Ari, go ahead and make the pupcakes. Start out with a spoonful of it---not the whole thing. Then if Jr really is 'allergic' to scrambled eggs, you will know. If it goes well you can slowly increase the amount. Good luck!


----------



## coco_little_bear (May 30, 2012)

It's possible that he could be ok with it, depending on how many pupcakes the recipe makes. With baked stuff like that, you usually end up with only a tiny bit of egg in each so it's not uncommon for people who can't tolerate eggs to be ok with it in that way.

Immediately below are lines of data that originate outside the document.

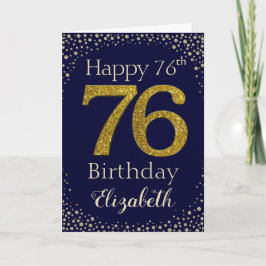Cartão 76th Birthday Golden Glitter Card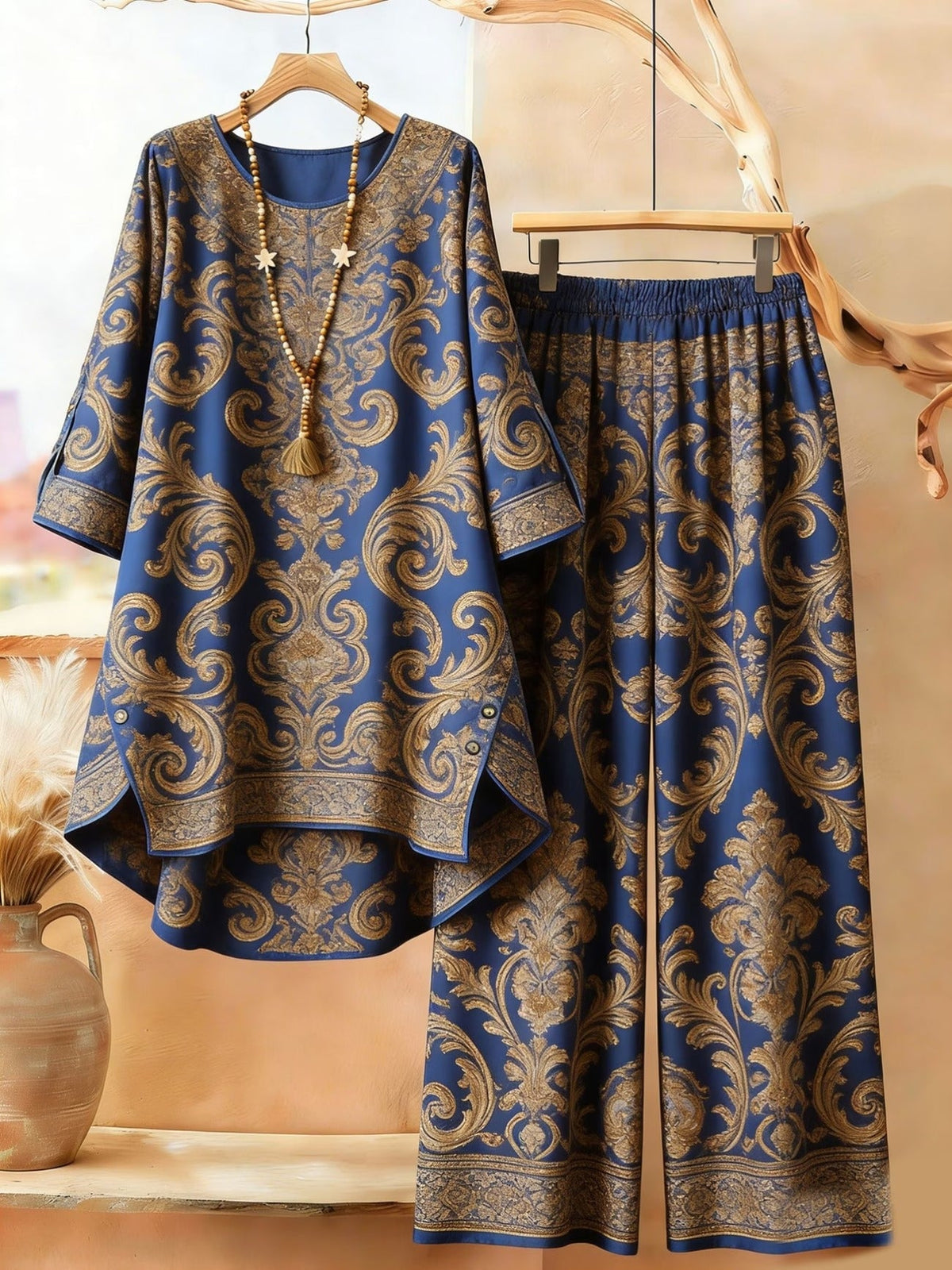 Featuring Persian Floral Print Design, Crew Neck, Dipped Hem, Suitable for Everyday Casual Wear, Comfortable and Stylish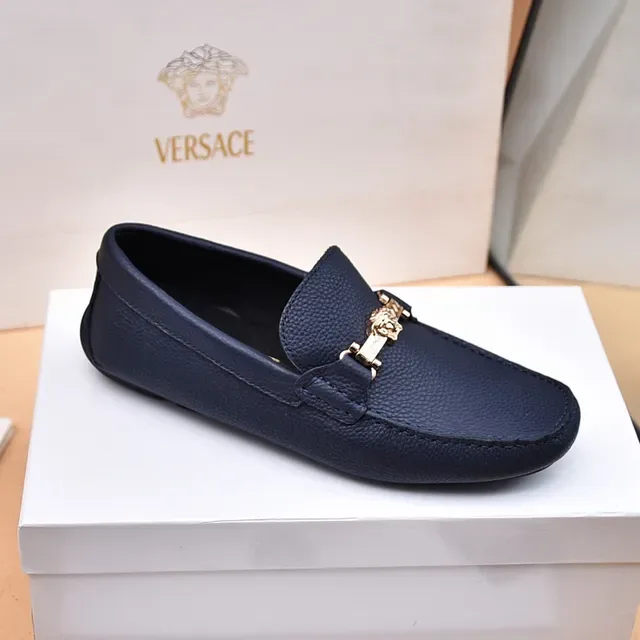 Versace نيفي ذهبي جلد مقصوص ميدوزا هورس بيت بكل لوفر 5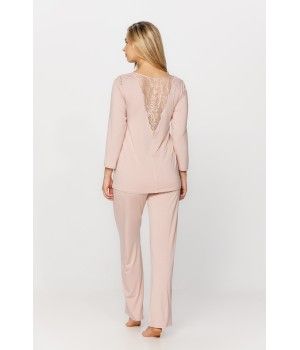 Ensemble pyjama en micromodal et dentelle haut tee-shirt manches longues, pantalon droit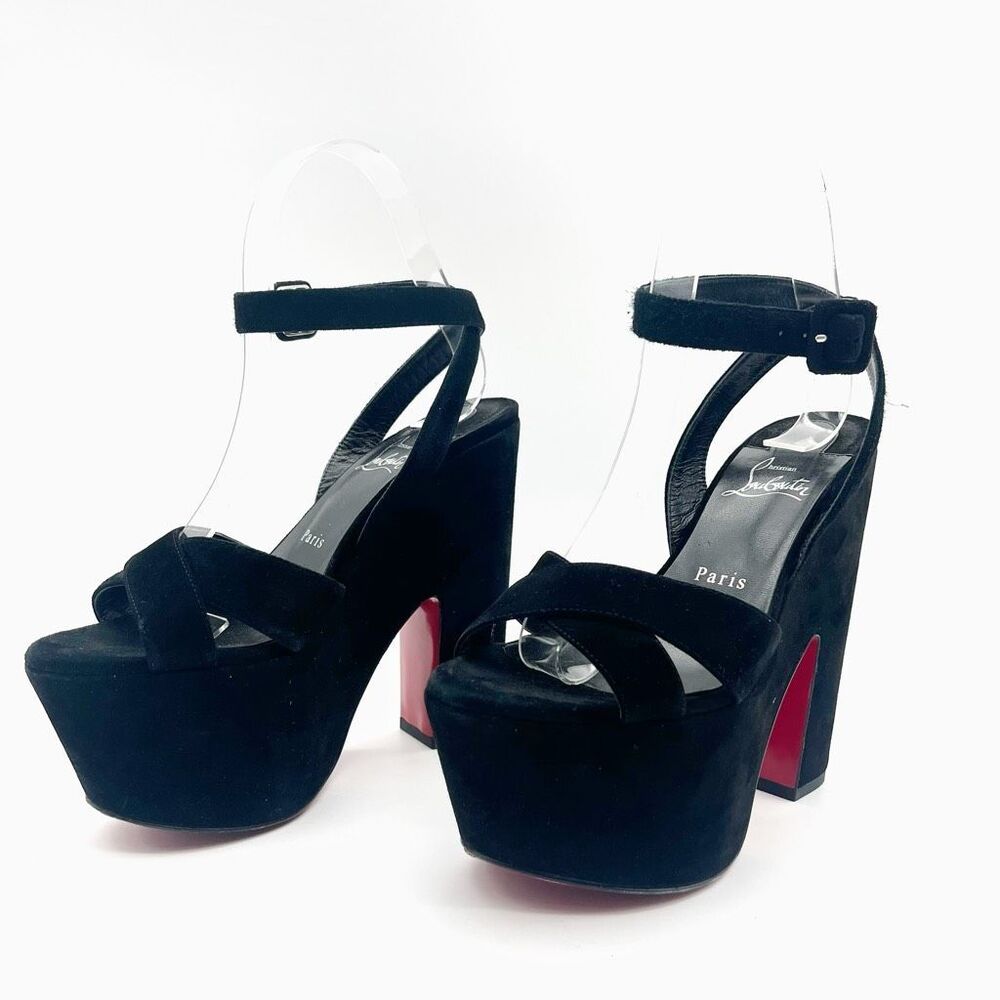 CHRISTIAN LOUBOUTIN Superyaz Platform Heels Size 37.5 Black Suede Ankle Strap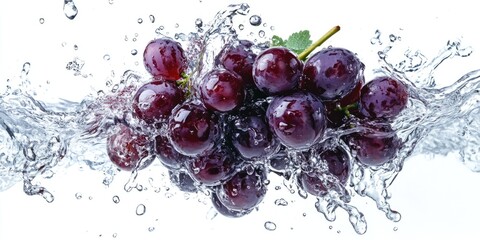 Poster - Grapes Splashing into Water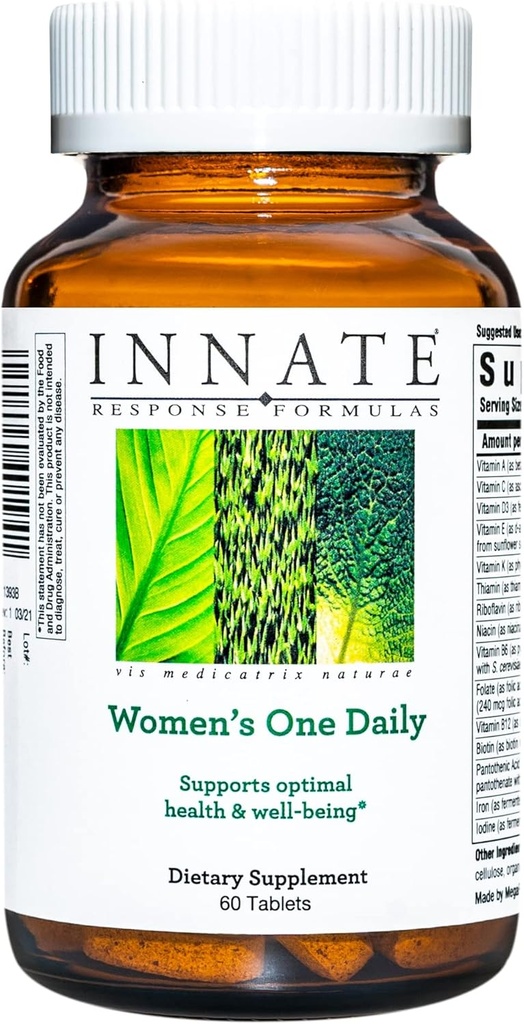 Innate Response Formulas Women's One Daily - Daily Multivitamin for Women - Supports Optimal Health and Well-Being - Vegetarian, Non-GMO, and Kosher - 9 Food Allergens olmadan - 60 Tabletler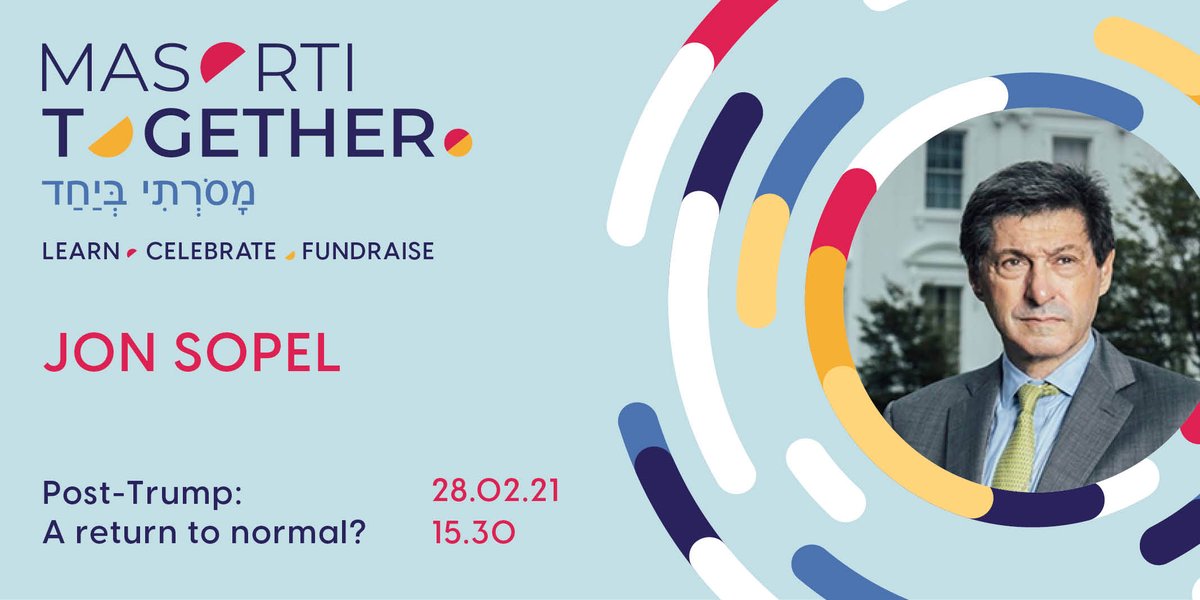 Delighted to be joined at Masorti Together by 
@BBCJonSopel. Jon will be in conversation with 
<a href="/RabbiJeremy/">Jeremy Gordon</a>  about America after Trump and his new book, UnPresidented: politics, pandemics, and the race that Trumped all others. Sign up here: masorti.org.uk/masortitogether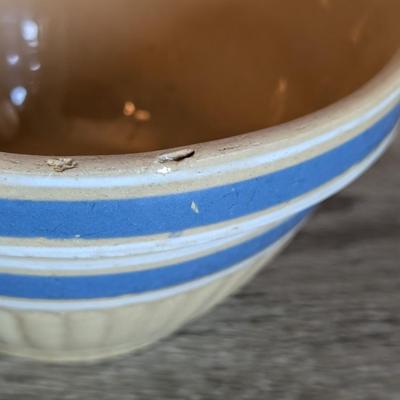 LOT 91K: Antique/Vintage Yellow Ware & White Mixing Bowls With Blue Stripes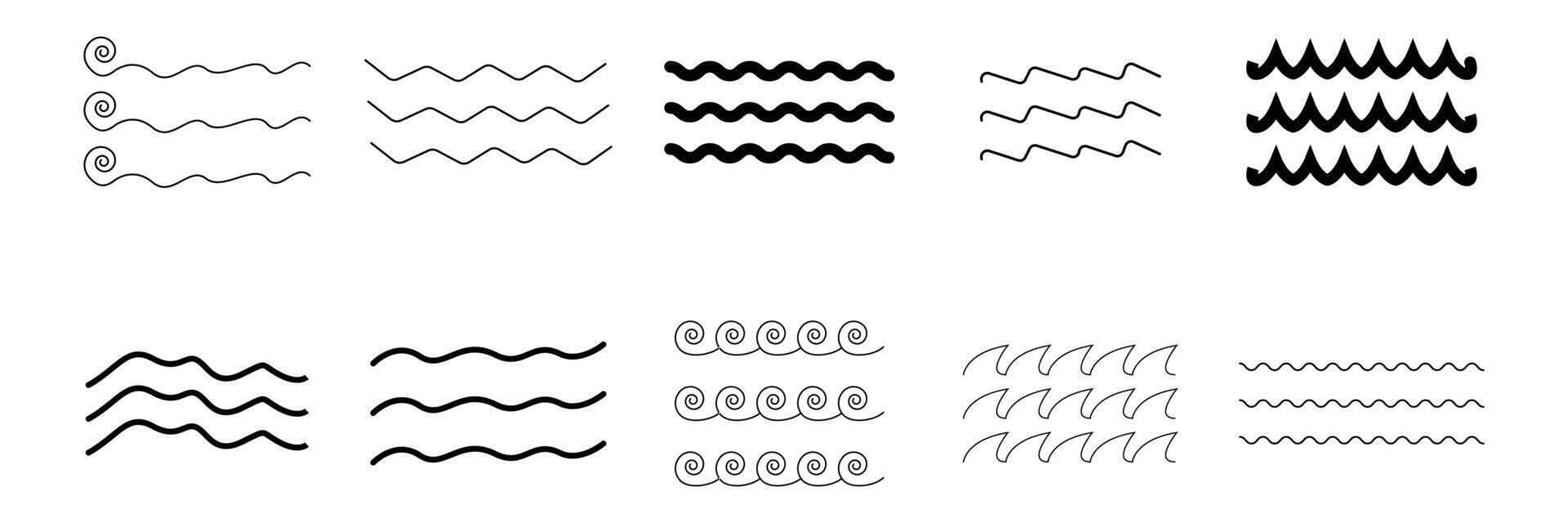 Triple Waves Line Element Design. Easy To Edit. EPS 10 vector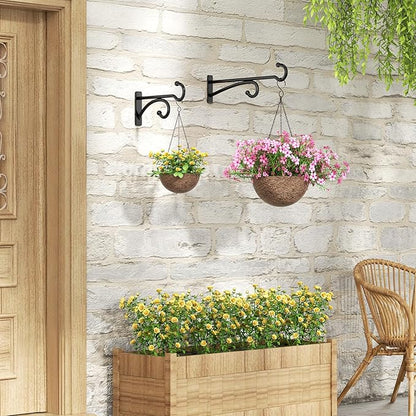 15" Plant Hooks for Hanging Baskets - Heavy Duty Metal Plant Hangers for Indoor & Outdoor Use, Wall Mount Brackets for Hanging Plants, Planters, Bird Feeders, Wind Chimes, Bird Houses - Black, 2 Pack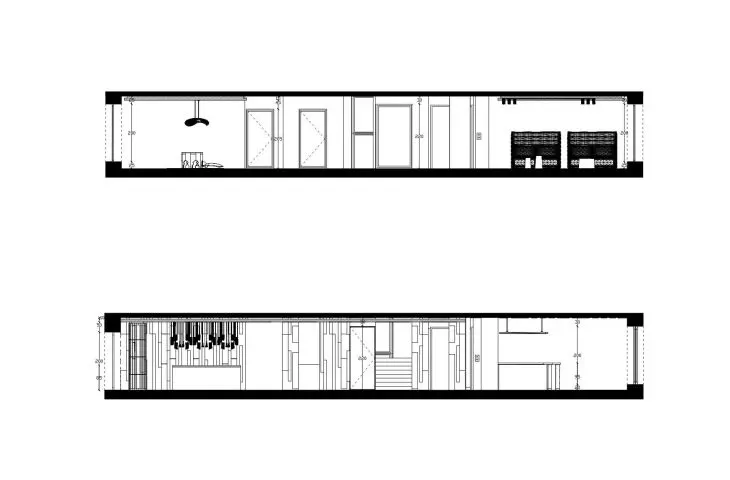 Design of a place to exchange dreams and travel experiences, cross sections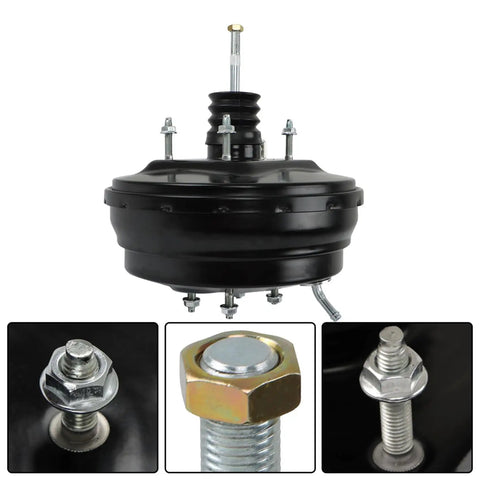 8x9 Inch Power Brake Booster 44610 60792 Straight Up Bolt On Upgrade for Toyota Land Cruiser FZJ80 close-up view with mounting hardware.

But otherwise my chis are ok with applesauce and it does work really well as a substitute for eggs. You could give him a little bit on its own to see if he's ok before cooking the pupcakes?


----------



## Ari1405 (Apr 18, 2017)

Thanks to the both of you. 
It calls for 1 egg and makes about 7 cupcakes. Which I'm guessing isn't too bad. As well if I were to use some apple sauce. Plus I'll feed him no more than half a cupcake. 
I was talking to my mom and I think I'm gonna try with the egg 1st. 
Also I'm planning to freeze some. I freeze my cupcakes and their just fine I'm guessing it'll be the same with those. 
Maybe in September I'll try applesauce for Jr's birthday cake.


----------



## susan davis (Mar 25, 2011)

Ari, if you aren't sure of Jr's reaction to eggs, try a 1/4 of the cupcake first. Just to be sure.!


----------



## Ari1405 (Apr 18, 2017)

I think your right maybe I should only feed him 1/4 of the cupcake. 
I've already made my schedule on a Sunday to bake dog cupcakes and human cookies. Lol I can't wait 🙂 I haven't baked in a while but I honestly enjoy it.


----------



## Ari1405 (Apr 18, 2017)

So Jr did just fine with egg inside the cupcakes. All my dogs enjoyed them. Maybe next I'll try with applesauce and see how that goes. To replace the oil and maybe even the egg. Or try a healthier version.


----------



## susan davis (Mar 25, 2011)

Sounds good enough for humans!


----------